■ Activity ■
What you give back should be exactly the lines from the one with "Calcified Pineal Gland(1).png" through the end of the data, without the pictures.

BEGIN Given data

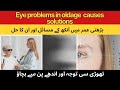Vision Problems نظر کے مسائل وجوہات اور علاج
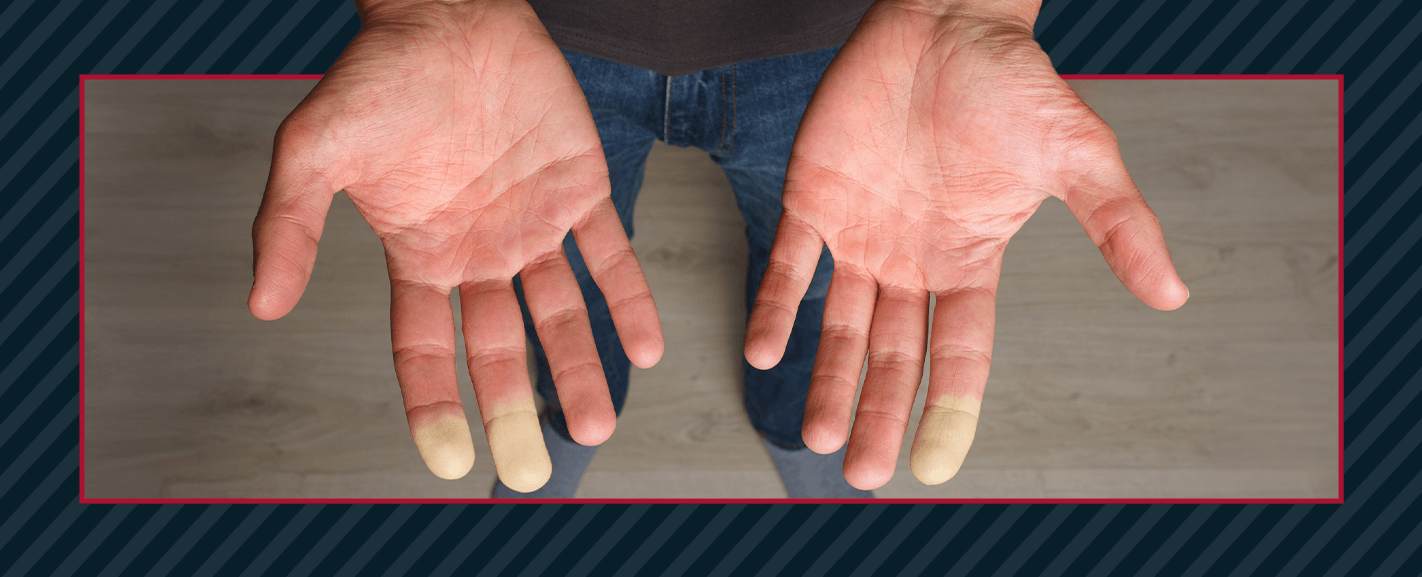 Hand-Arm Vibration Syndrome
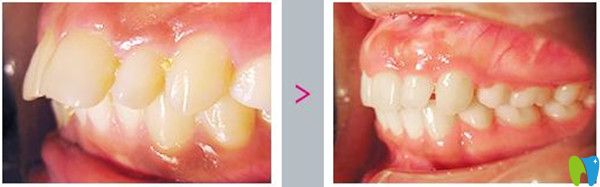 牙齒美容冠矯正前后療效圖
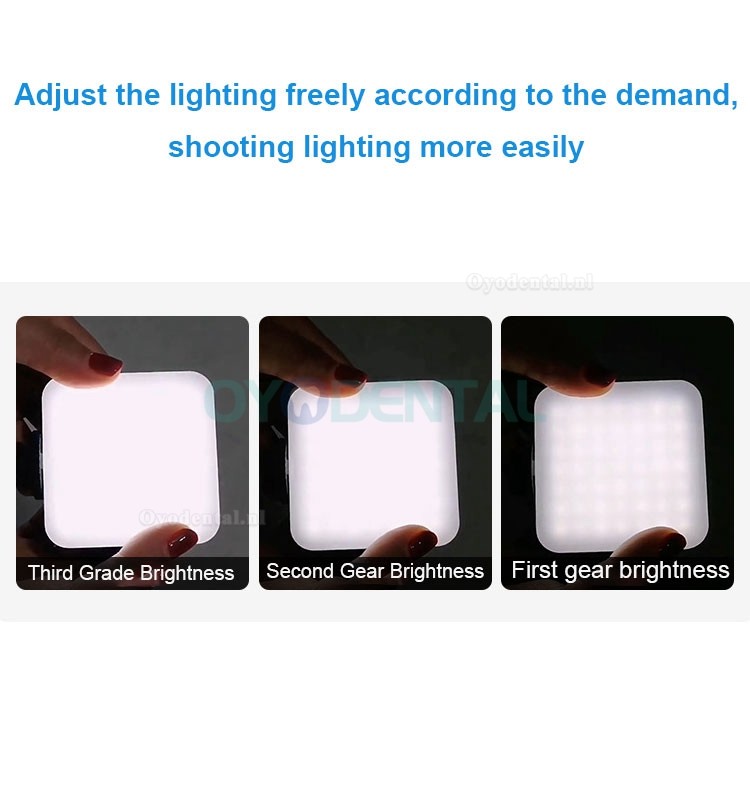 Tandheelkundige aanpassing Orale fotografie Flitslicht Mobiele telefoon Tandheelkundige fotografie Invullicht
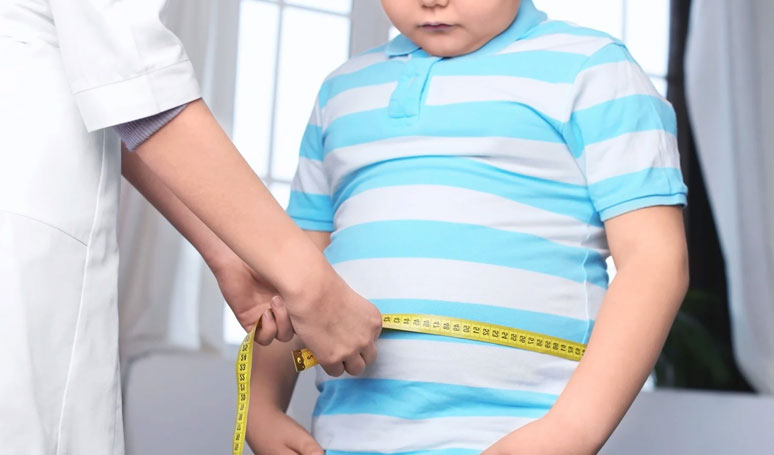 Obesity in Children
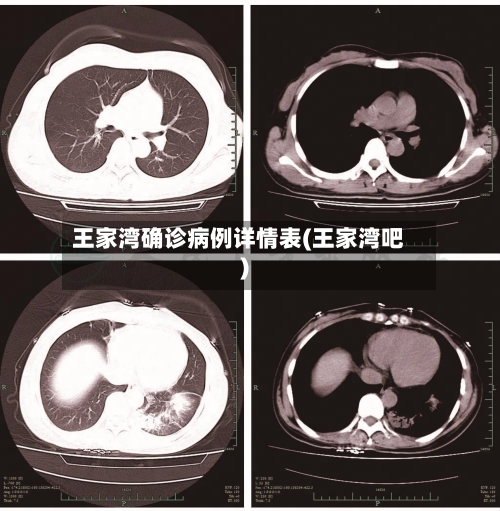 王家湾确诊病例详情表(王家湾吧)-第2张图片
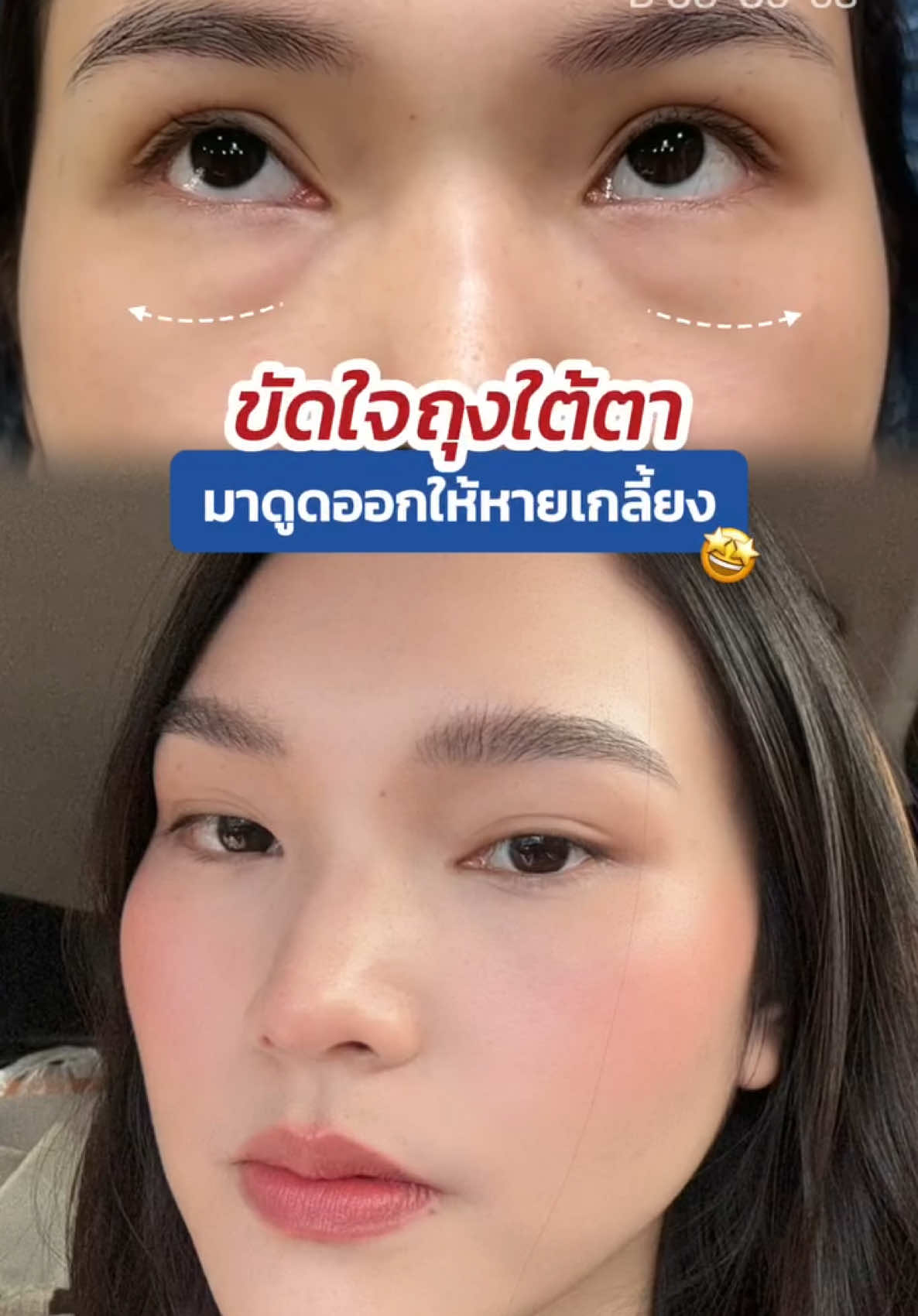 ขัดใจ #ถุงใต้ตา เลยต้องมาดูดออกให้หาย 🤩 #skyclinic #รีวิวกำจัดถุงใต้ตา #จักษุแพทย์ #ทำตาที่ไหนดี #สกายคลินิก #babylock 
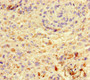 Immunohistochemistry of paraffin-embedded human melanoma using CAC12931 at dilution of 1:100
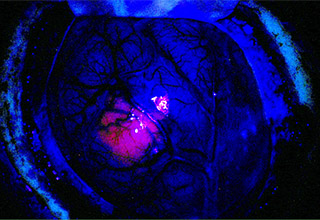 Two BayCare Hospitals have a new tool to help fight brain tumors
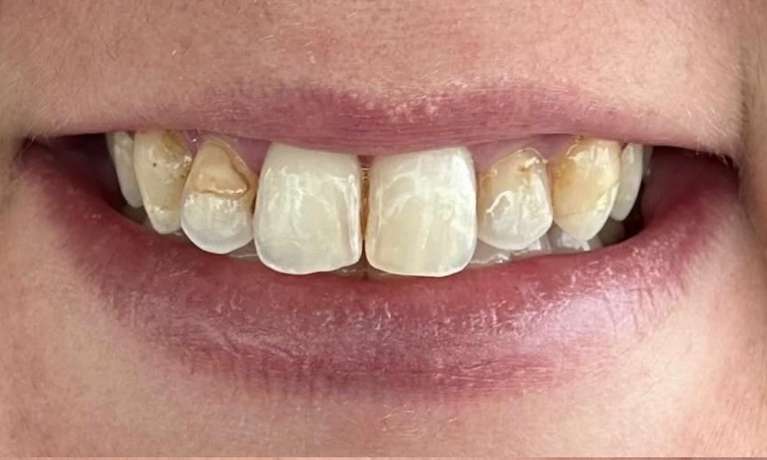 Patient teeth without crowns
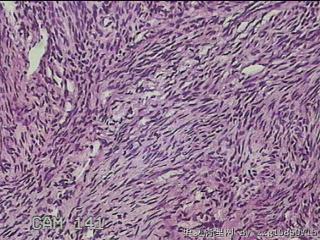 子宫粘膜下肌瘤图30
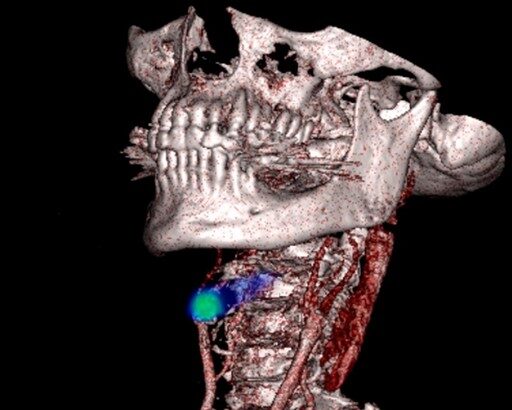 PET scan image showing blood clot detection in legs and lungs using novel radiotracer technology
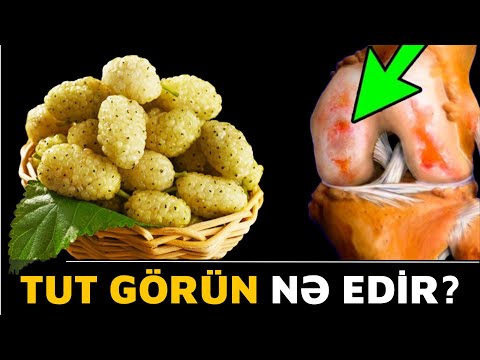 Video: Banan dəmirin udulmasına mane olurmu?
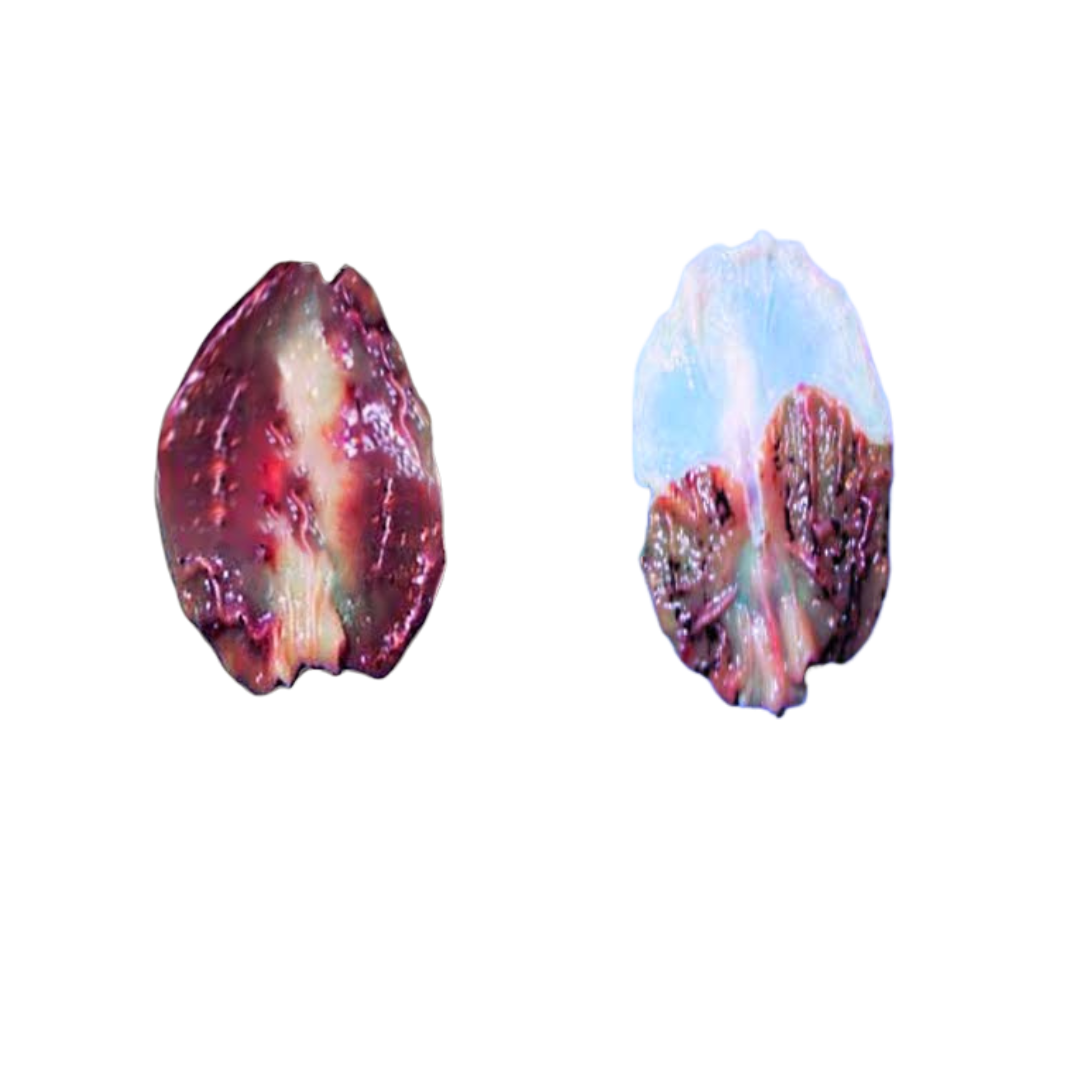 Calcified Pineal Gland(1).png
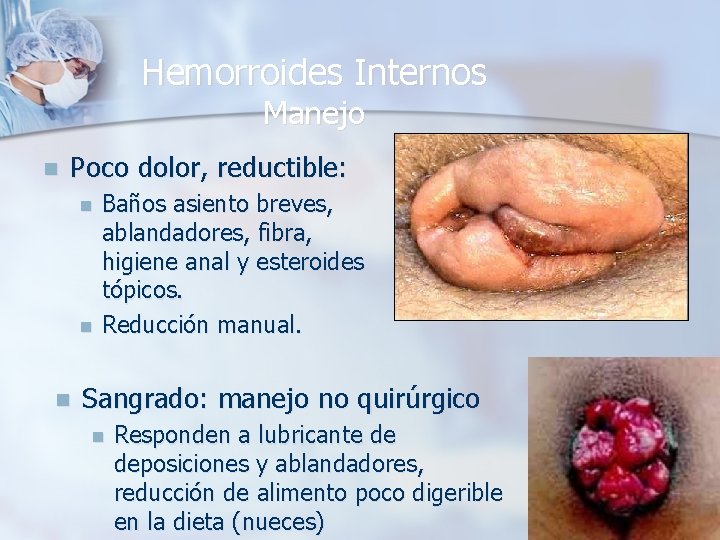 Hemorroides Internos Manejo n Poco dolor, reductible: n n n Baños asiento breves, ablandadores,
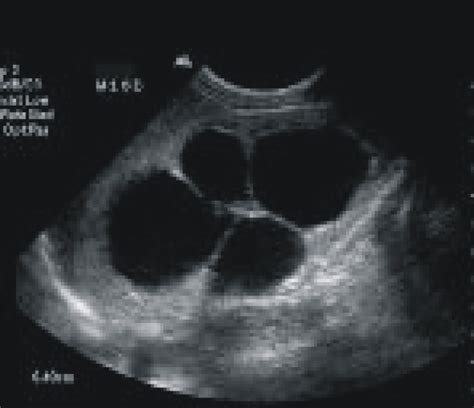 Neonatal Renal Ultrasound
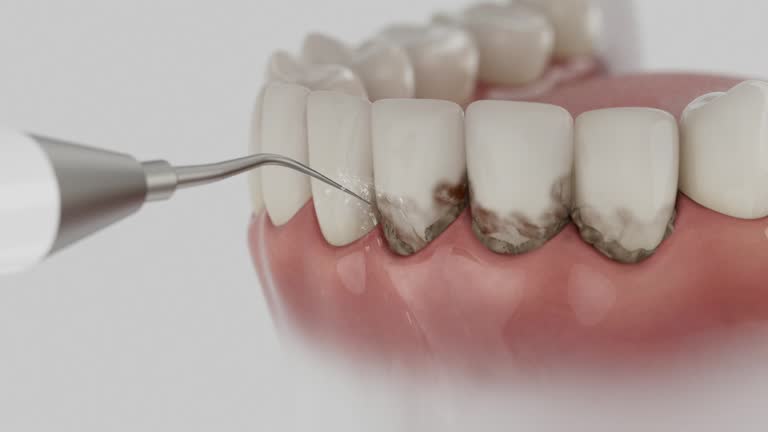 Reliable Tooth Extraction contractor in Campbell County County, VA by Dentist Open Now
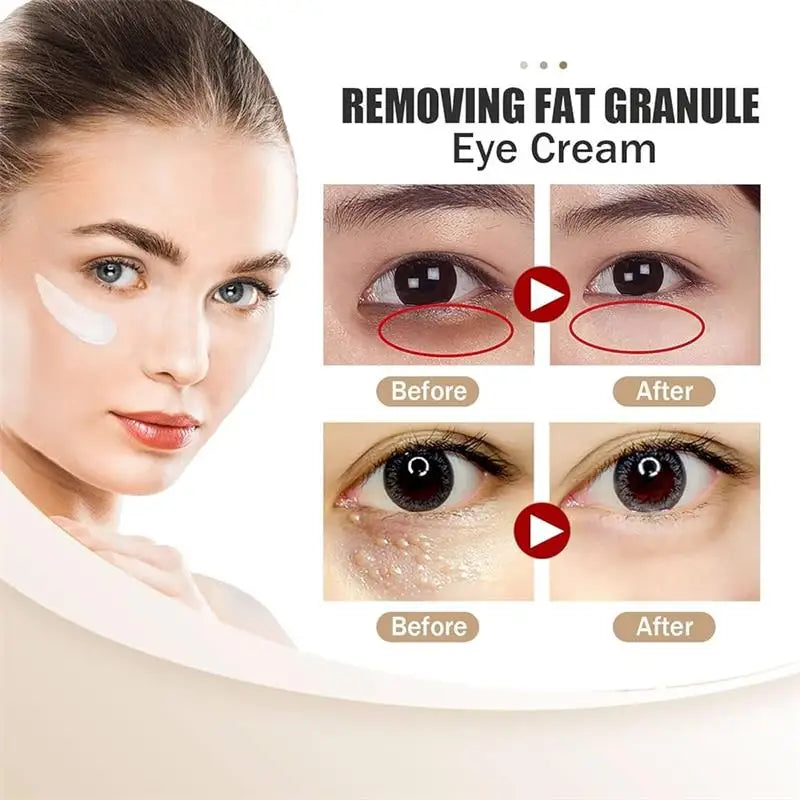 Fat Granules Remover Eye Cream Anti-Puffiness Anti Inflammatory Reduce Dark Circles Eyebags Fade Lines Moisturizing Eye Care
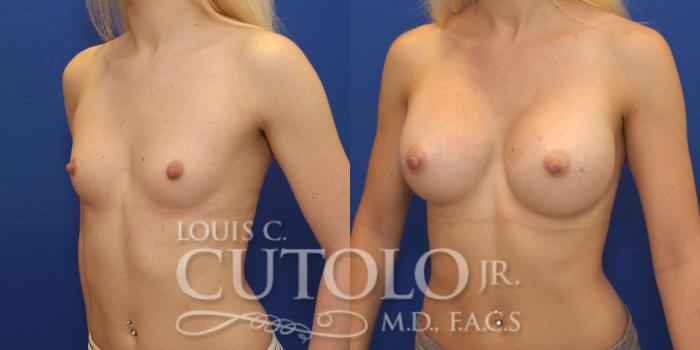 Before & After Breast Augmentation Case 152 View #2 View in Brooklyn, Staten Island, Queens, NY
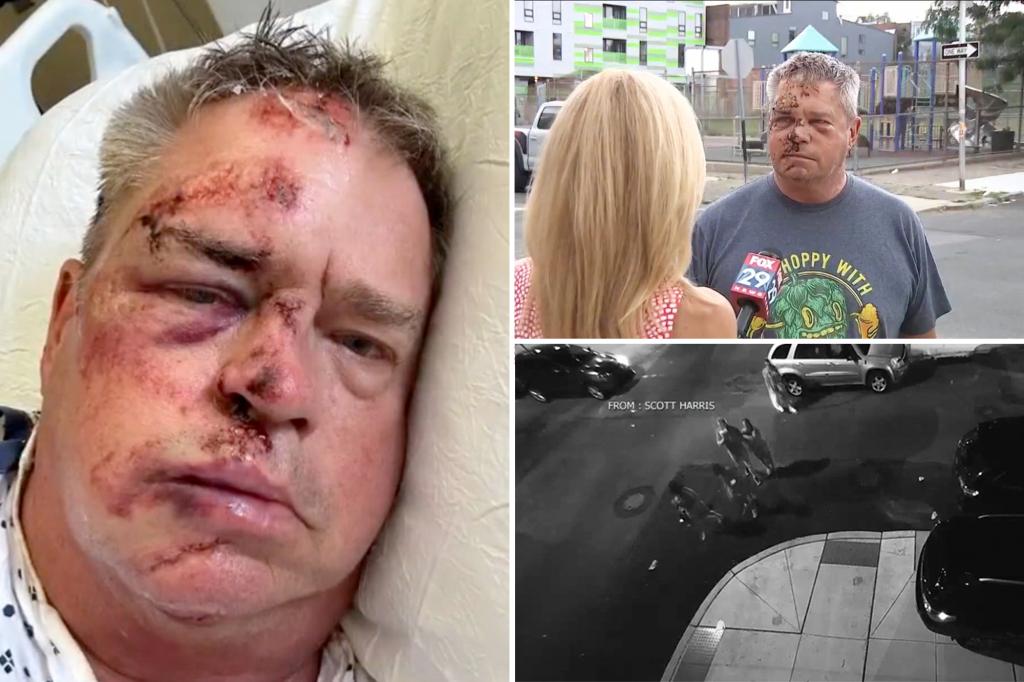 Navy veteran brutally beaten while walking his dog in Philadelphia: ‘Not have expected this to happen in my own neighborhood’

END Given data

■ Solved exercise ■
 Calcified Pineal Gland(1).png
 Hemorroides Internos Manejo n Poco dolor, reductible: n n n Baños asiento breves, ablandadores,
 Neonatal Renal Ultrasound
 Reliable Tooth Extraction contractor in Campbell County County, VA by Dentist Open Now
 Fat Granules Remover Eye Cream Anti-Puffiness Anti Inflammatory Reduce Dark Circles Eyebags Fade Lines Moisturizing Eye Care
 Before & After Breast Augmentation Case 152 View #2 View in Brooklyn, Staten Island, Queens, NY
 Navy veteran brutally beaten while walking his dog in Philadelphia: ‘Not have expected this to happen in my own neighborhood’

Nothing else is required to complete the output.